Careful examination of a program's man page shows its legal
option and argument list.
#!/bin/sh
#
# setether: set an Ethernet interface's IP configuration
#
while [ $# -gt 1 ]
do
case ${1}
a) ARP="arp"
shift
;;
b) BROADCAST=${2}
shift 2
;;
i) IPADDRESS=${2}
shift 2
;;
m) NETMASK=${2}
shift 2
;;
n) NETWORK=${2}
shift 2
;;
*) echo "setether: illegal option: ${1}"
exit 1
;;
esac
done
INTERFACE=${1}
ifconfig ${INTERFACE} ${IPADDRESS} netmask ${NETMASK} broadcast
${BROADCAST} ${ARP}
route add -net ${NETWORK}
The setether script processes a number of options and arguments in order to properly configure an Ethernet interface for use on an IP network. It uses a while loop and a case statement to do this. The scripts switches on the options using the case block. The options are the one letter switches and are expected by the script to be in the first position on the command line. Each option's argument is expected to follow the option in the second position. As setether processes the options, it shifts the positional parameters by two in order to correctly handle the next one. The only exception to this is the -a option which toggles on ARP for the interface. Because it has no argument, the option requires the script to shift by one parameter only. After reading all the options and their arguments, the script takes the last argument, which it expects to be the interface to be configured. Lastly, the script does its real work; namely, it sets the interface using the ifconfig command, and then it adds the network route.
Processing options in this manner works but is rigid. The programmer must pay careful attention to the shift pattern in order to correctly handle options with arguments versus those without arguments. Another limitation is the fact that it does not handle stacked options.

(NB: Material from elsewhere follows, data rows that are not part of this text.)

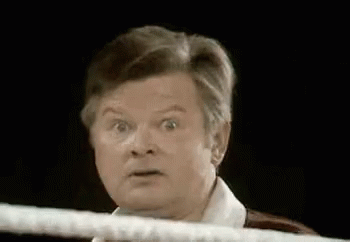 A Man Is Standing In A Boxing Ring With His Eyes Wide Open And Making A Funny Face . GIF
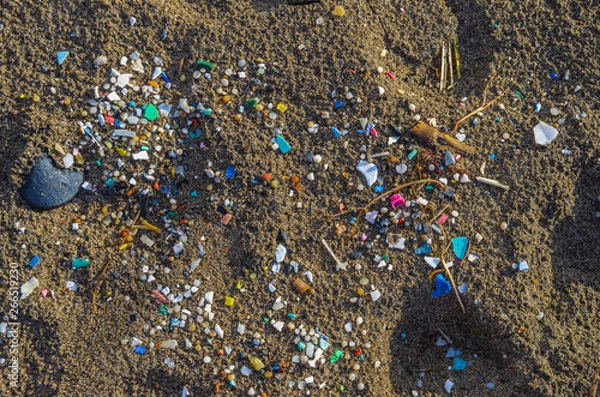 Fototapeta Micro plastics mixed in the sand of the beach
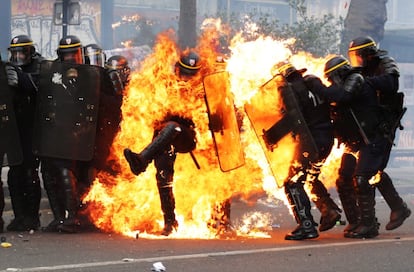 Agentes de la policía antidisturbios de Francia envueltos en llamas durante los enfrentamientos con los manifestantes en la marcha de los trabajadores por el Primero de Mayo en París.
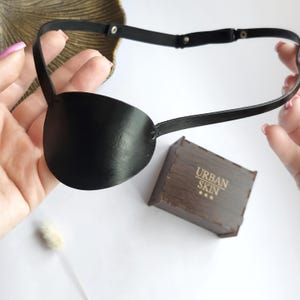 Puede incluir: Un parche para el ojo de cuero negro con una correa ajustable. La correa tiene varios broches para un ajuste personalizado. El parche para el ojo se muestra sobre un fondo blanco.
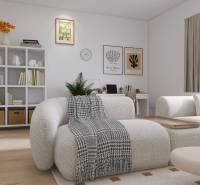 PREDANÉ - 4 izbový byt s loggiou v Petržalke - Svetlá obývačka v 3-izbovom byte s pohodlným nábytkom a poličkami plnými kníh.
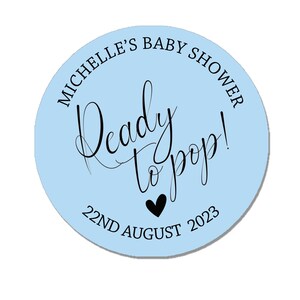 May include: Light blue circle sticker with the text "Michelle's Baby Shower" and "Ready to pop!" in black script. The date "22nd August 2023" is printed below the text with a small black heart.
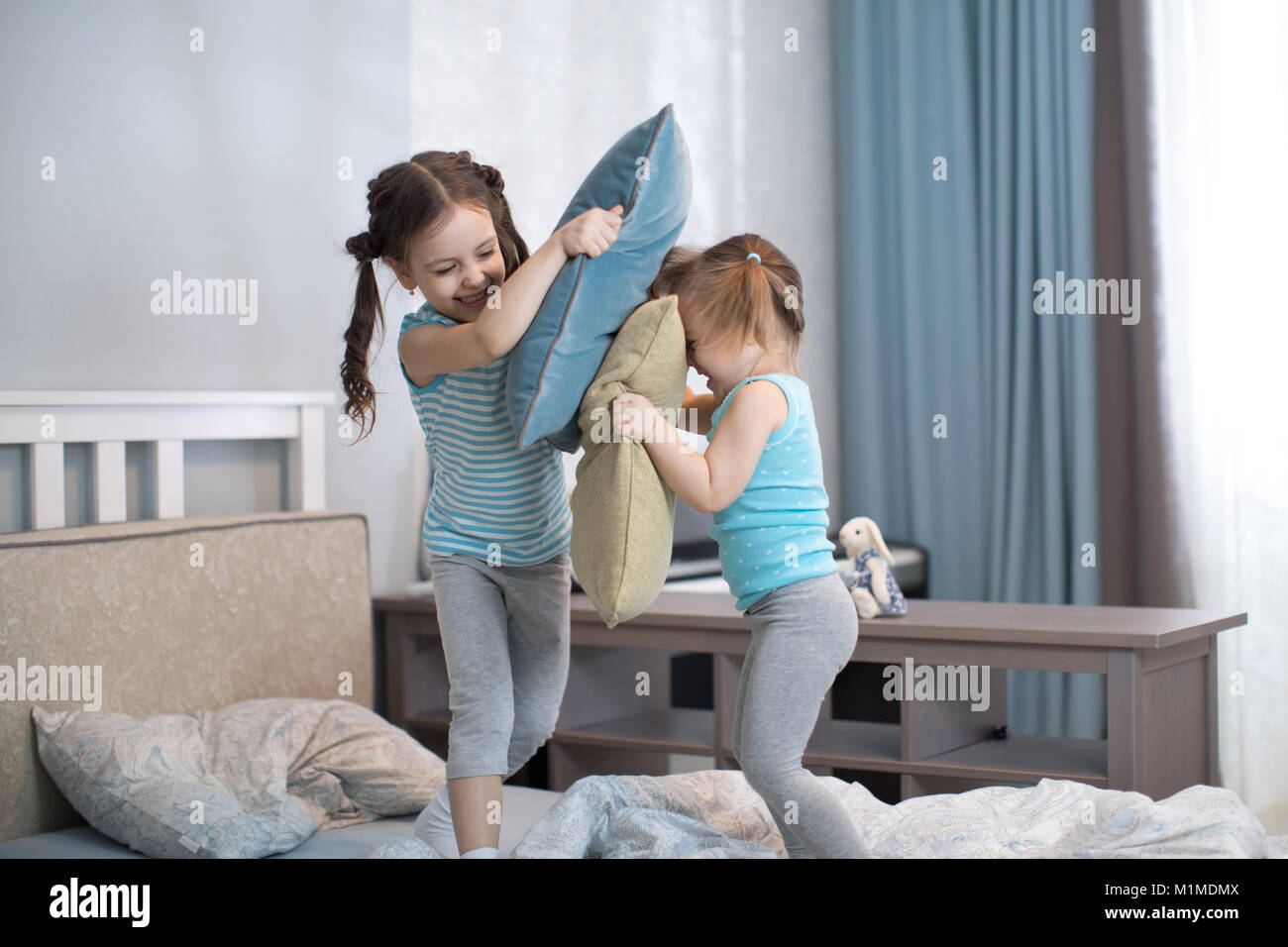 Two kids sisters girls playing with pillows at home Stock Photo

Although stacked options are not an absolute necessity, it is best to give the user the most flexibility with the command. The user can choose which method of specifying the arguments is most comfortable. By assuming that the arguments follow the options, the user does not gain this advantage. Luckily, there is a better way to deal with options.
The shell provides a special utility specifically designed for processing command line options and their arguments called getopts. Its syntax is: getopts options variable. Getopts takes two arguments. The first is a list of valid command line options. If an option requires an argument, a scripter places a colon directly after the option. The second is a temporary variable used for parsing through the arguments.
To use getopts, the programmer employs a loop. Each time getopts is called within the loop, it processes the next command line argument. If it finds a valid option, then the option is stored in the variable. If it encounters an invalid option, getopts stores a ? inside variable for error handling. When an option takes an argument, getopts stores the associated argument in the special variable OPTARG. If it cannot locate the option's argument, getopts sets OPTARG to ?.
From a user's point of view, a script using getopts follows one simple rule. Options must always be preceded by a dash. If listed separately, each option takes a dash. If stacked, the option list begins with a dash. This is required for getopts to differentiate between options and their arguments. It is hardly a burden for users to do this and will help beginners of UNIX to learn its syntax.
Returning to the previous example, setether can be rewritten with getopts:
#!/bin/sh
#
# setether: set an Ethernet interface's IP configuration
#
while getopts ab:e:i:m:n: option
do
case "${option}" in
a) ARP="arp"
b) BROADCAST=${OPTARG};;
e) INTERFACE=${OPTARG};;
i) IPADDRESS=${OPTARG};;
m) NETMASK=${OPTARG};;
n) NETWORK=${OPTARG};;
*) echo "setether: illegal option: ${option}"
exit 1
;;
esac
done
ifconfig ${INTERFACE} ${IPADDRESS} netmask ${NETMASK} broadcast
${BROADCAST} ${ARP}
route add -net ${NETWORK}
Now setether loops upon the results of getopts. The script lists the valid command line options in the string ab:i:m:n:. The colons trailing the last four arguments force getopts to find the options' arguments. Then when the case statement tests for the current option processed, the script reads the argument from OPTARG. Upon completion of processing the arguments, the program sets the interface's IP configuration.
The new version improves upon the original in a number of ways. For one, it assumes no special order of the command line arguments. The script even paraterizes the target interface so that it can be specified in any position. The real advantage to all of this is that the program lets getopts do the work. The programmer need not be concerned with any special shifting patterns necessary to get to the next argument. Another advantage is that the options can be stacked. If the user so desires, the options can be listed together rather than separately with their arguments. Also if an option is missing its argument, getopts performs error checking to make sure that one is present. There is now some built-in exception handling that was not present before. In the origial version, it is quite possible that the user could have forgotten an argument. Then the script would have happily read the next option as the previous option's argument. This would have deleterious results on the script's operation because the shift pattern would be incorrect. Finally, the new version is compact. It is smaller in code size and much easier to read since it focuses on the task at hand, namely, the processing of command line arguments.
The only disadvantage to getopts is the fact that it can only
handle single character options. It will not properly process options
that are words as some programs do. If a script has so many options
that it runs out of characters to handle them, then the scripter should
consider processing positional parameters. On the other hand, the
scripter should also consider that the program being written could possibly
use a redesign in order to make it easier to use.